A machine learning cheat sheet, because there are too many ways to do any one thing.
This page is intended to be a living document recording an opinionated and sufficient subset of the scaffolding required to build a production level project on Tensorflow or PyTorch. Currently the section on Tensorflow is complete, and a PyTorch overview is underway.
Snippets below are aimed at advanced uses of TF+Pytorch. Frameworks like Keras/FastAI/Lightning/Catalyst are intentionally excluded.
Tensorflow 2.x
Preparing Data
Data for TF/Keras models is best handled as tf.data.Dataset
objects.
Creating Datasets
Datasets can be created by using the from_tensors
or from_tensor_slices
methods which, despite their names, take any tensor-ish object as input.

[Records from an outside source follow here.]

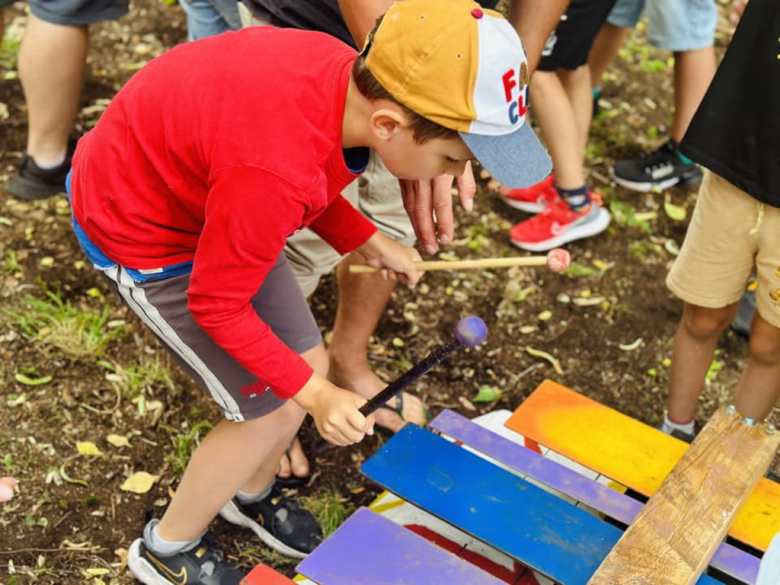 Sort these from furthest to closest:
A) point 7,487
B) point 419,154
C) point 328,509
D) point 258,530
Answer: point 328,509 → point 258,530 → point 7,487 → point 419,154

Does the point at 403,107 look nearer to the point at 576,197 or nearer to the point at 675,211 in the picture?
the point at 576,197

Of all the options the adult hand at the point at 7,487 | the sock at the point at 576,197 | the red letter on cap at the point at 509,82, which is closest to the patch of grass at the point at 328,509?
the adult hand at the point at 7,487

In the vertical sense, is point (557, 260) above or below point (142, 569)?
above

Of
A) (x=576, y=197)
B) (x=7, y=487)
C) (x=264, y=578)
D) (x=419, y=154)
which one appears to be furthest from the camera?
(x=576, y=197)

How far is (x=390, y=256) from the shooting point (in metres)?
2.14

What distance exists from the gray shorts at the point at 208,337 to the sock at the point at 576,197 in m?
1.78

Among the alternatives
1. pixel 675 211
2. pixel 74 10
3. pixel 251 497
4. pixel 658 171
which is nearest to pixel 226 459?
pixel 251 497

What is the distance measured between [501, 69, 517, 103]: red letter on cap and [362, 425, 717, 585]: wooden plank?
0.94m

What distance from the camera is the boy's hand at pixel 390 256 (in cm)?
214

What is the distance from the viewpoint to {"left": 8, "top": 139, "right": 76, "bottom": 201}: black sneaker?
3488 millimetres

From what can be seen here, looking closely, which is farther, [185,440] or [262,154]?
[185,440]

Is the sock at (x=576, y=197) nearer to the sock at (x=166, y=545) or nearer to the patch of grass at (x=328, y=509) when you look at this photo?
the patch of grass at (x=328, y=509)

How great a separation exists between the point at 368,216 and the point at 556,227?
4.22ft

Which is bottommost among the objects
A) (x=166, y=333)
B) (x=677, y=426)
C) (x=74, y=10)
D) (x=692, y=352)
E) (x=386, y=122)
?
(x=677, y=426) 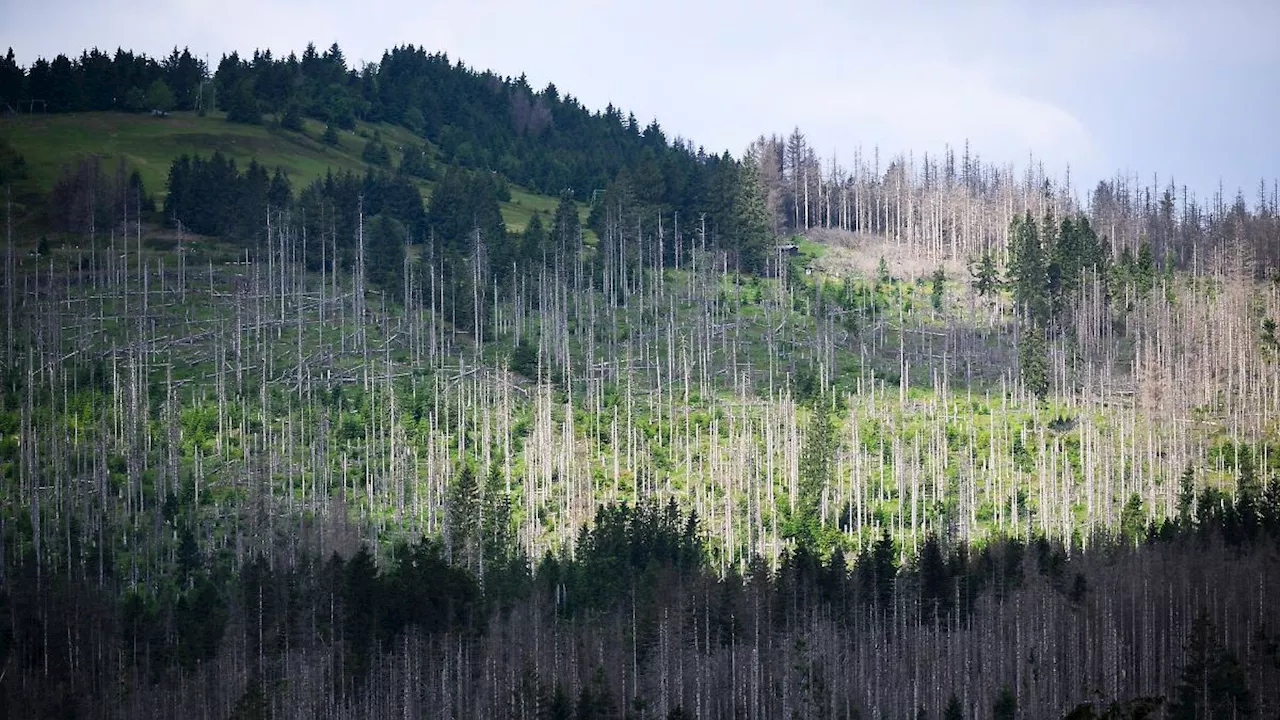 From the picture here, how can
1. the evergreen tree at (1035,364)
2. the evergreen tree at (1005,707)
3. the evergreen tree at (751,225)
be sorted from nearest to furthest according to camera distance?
the evergreen tree at (1005,707)
the evergreen tree at (1035,364)
the evergreen tree at (751,225)

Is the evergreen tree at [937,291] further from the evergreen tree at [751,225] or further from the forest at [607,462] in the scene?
the evergreen tree at [751,225]

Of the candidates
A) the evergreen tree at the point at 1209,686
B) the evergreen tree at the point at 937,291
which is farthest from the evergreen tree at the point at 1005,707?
the evergreen tree at the point at 937,291

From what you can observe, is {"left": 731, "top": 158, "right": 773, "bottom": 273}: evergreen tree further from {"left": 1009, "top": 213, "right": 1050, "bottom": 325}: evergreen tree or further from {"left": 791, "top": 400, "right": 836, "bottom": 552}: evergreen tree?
{"left": 791, "top": 400, "right": 836, "bottom": 552}: evergreen tree

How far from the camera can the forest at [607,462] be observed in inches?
3767

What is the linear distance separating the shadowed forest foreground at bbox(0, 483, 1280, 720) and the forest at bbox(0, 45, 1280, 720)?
0.33 metres

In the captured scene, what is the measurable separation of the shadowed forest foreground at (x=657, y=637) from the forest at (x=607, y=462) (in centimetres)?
33

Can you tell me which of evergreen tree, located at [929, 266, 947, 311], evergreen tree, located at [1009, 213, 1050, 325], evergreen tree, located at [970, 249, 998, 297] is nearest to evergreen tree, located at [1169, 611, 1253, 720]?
evergreen tree, located at [1009, 213, 1050, 325]

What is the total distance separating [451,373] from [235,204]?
155 feet

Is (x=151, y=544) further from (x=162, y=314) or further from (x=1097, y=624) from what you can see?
(x=1097, y=624)

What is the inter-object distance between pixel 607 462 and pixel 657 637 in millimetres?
38805

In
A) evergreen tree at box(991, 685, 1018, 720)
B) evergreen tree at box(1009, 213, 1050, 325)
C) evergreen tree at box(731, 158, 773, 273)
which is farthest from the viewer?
evergreen tree at box(731, 158, 773, 273)

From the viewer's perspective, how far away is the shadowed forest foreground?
92.1 meters

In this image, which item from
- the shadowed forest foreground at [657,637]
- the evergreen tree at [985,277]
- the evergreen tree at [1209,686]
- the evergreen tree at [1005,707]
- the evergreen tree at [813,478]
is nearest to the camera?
the evergreen tree at [1005,707]

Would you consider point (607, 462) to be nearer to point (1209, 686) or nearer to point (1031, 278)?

This includes numpy arrays, python lists, and TF tensors.
tensor = tf.constant([[1, 2], [3, 4]])
dataset = tf.data.Dataset.from_tensors(t) # [[1, 2], [3, 4]] 1x elements of shape (2,2)
dataset = tf.data.Dataset.from_tensor_slices(t) # [1, 2], [3, 4] 2x elements of shape (2)
Processing Datasets
Often we’ll want to take a list of filenames and process, say, the images in those files. To do this, map the dataset over a parsing function. Specify num_parallel_calls=tf.data.experimental.AUTOTUNE
when mapping to allow TF to use builtin heuristics to parallelize the mapping.

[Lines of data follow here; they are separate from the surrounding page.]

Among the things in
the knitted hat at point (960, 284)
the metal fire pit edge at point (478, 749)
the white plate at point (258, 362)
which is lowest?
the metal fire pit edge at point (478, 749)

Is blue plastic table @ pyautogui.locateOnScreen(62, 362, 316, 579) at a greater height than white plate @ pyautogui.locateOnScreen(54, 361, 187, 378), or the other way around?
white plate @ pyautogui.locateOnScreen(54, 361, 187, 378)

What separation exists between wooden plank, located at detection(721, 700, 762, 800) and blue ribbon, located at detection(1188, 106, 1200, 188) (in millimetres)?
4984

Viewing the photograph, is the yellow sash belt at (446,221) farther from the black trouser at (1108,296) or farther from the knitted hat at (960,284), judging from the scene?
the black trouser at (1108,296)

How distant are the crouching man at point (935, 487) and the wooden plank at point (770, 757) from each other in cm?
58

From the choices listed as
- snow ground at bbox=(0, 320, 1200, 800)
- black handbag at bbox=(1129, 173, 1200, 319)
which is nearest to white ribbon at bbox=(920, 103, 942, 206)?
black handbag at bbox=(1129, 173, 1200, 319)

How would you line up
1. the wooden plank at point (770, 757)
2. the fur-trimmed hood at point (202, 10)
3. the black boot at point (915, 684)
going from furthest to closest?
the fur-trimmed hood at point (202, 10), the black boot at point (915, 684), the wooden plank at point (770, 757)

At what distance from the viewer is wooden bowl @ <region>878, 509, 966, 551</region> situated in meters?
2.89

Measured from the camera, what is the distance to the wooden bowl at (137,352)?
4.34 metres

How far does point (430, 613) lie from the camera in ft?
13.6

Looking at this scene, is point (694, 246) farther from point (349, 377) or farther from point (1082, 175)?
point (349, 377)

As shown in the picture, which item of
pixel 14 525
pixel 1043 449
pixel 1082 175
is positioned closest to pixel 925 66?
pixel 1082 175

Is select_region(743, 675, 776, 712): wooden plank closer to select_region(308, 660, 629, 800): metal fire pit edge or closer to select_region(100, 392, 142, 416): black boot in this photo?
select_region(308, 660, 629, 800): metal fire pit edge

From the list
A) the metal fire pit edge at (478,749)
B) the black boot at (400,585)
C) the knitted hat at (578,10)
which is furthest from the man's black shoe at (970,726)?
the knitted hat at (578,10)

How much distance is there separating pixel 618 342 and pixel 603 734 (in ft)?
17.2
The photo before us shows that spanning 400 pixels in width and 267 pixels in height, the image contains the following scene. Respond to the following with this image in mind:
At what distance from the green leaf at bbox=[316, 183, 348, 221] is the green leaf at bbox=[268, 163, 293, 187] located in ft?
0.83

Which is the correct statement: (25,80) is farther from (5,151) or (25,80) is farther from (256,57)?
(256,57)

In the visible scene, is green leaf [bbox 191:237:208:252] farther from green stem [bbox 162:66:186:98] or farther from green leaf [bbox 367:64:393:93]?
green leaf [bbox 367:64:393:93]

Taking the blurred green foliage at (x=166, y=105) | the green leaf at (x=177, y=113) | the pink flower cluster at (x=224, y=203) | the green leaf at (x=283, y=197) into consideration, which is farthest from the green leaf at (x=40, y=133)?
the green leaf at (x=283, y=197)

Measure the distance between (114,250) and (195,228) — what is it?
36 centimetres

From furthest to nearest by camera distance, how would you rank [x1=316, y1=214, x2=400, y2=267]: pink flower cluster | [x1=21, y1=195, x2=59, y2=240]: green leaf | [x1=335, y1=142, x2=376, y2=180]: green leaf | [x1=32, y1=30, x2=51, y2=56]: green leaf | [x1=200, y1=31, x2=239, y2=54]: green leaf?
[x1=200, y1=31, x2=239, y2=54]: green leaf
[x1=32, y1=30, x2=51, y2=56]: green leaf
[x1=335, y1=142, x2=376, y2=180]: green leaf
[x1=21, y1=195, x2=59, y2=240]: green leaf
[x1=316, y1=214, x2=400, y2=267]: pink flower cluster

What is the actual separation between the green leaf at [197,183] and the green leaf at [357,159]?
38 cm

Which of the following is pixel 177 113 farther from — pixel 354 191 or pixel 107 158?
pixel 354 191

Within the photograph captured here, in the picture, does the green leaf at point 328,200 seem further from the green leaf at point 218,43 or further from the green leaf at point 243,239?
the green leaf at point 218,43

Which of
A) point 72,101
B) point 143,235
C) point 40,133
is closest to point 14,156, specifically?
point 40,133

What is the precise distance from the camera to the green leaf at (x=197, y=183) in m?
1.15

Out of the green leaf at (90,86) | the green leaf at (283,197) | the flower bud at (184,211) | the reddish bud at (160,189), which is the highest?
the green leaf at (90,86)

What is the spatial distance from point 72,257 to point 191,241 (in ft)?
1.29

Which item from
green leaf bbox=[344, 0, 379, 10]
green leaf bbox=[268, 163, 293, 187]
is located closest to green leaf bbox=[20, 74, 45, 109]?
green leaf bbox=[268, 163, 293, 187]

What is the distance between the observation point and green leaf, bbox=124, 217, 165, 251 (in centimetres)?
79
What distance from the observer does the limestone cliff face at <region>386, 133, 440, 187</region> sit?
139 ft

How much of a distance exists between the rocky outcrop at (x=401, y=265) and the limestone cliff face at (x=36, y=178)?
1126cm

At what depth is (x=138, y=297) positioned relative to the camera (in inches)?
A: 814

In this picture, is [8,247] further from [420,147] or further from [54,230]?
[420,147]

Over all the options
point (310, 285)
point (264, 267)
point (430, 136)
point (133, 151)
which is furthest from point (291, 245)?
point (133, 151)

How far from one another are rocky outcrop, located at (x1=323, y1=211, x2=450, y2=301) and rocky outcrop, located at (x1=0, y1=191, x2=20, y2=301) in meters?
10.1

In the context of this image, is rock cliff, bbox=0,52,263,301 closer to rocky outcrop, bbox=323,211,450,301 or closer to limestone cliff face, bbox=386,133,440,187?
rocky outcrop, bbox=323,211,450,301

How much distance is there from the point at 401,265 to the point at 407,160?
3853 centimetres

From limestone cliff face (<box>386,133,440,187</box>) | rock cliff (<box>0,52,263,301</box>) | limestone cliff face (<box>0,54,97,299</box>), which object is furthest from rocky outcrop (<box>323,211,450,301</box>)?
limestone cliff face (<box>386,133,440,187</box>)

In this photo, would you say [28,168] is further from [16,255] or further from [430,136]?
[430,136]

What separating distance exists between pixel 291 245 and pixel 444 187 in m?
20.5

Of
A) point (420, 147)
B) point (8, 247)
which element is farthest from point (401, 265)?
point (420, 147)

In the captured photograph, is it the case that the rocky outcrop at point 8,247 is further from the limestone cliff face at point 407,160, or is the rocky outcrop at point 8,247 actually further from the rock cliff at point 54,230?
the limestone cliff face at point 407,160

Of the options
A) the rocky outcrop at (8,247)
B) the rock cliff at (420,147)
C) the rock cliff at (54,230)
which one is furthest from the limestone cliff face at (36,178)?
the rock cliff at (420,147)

def parse_function(fname):
parsed_example = tf.io.read_file(filename)
image = tf.io.decode_jpeg(parsed_example)
return image
fnames = glob.glob('images/*.jpg')
dataset = tf.data.Dataset.from_tensor_slices(fnames)
dataset = tf.data.Dataset.map(parse_function, num_parallel_calls=tf.data.experimental.AUTOTUNE)
Use batching, shuffling, and repeat the dataset when training for multiple epochs. Call repeat before batch to ensure consistent batch sizes in the case where the dataset size is not a multiple of the batch size.
dataset = dataset.repeat().shuffle(buffer_size=100, seed=0)
dataset = dataset.batch(batch_size).prefetch(tf.data.experimental.AUTOTUNE)
It’s often helpful to combine labels and data with zip
image_data = [[1,2], [3,4]]
label_data = ['apple', 'banana']
image_dataset = tf.data.Dataset.from_tensor_slices(image_data) # [1,2], [3,4]
label_dataset = tf.data.Dataset.from_tensor_slices(label_data) # 'apple', 'banana'
final_dataset = tf.data.Dataset.zip((image_dataset, label_dataset)) # ([1,2], 'apple'), ([3,4], 'banana')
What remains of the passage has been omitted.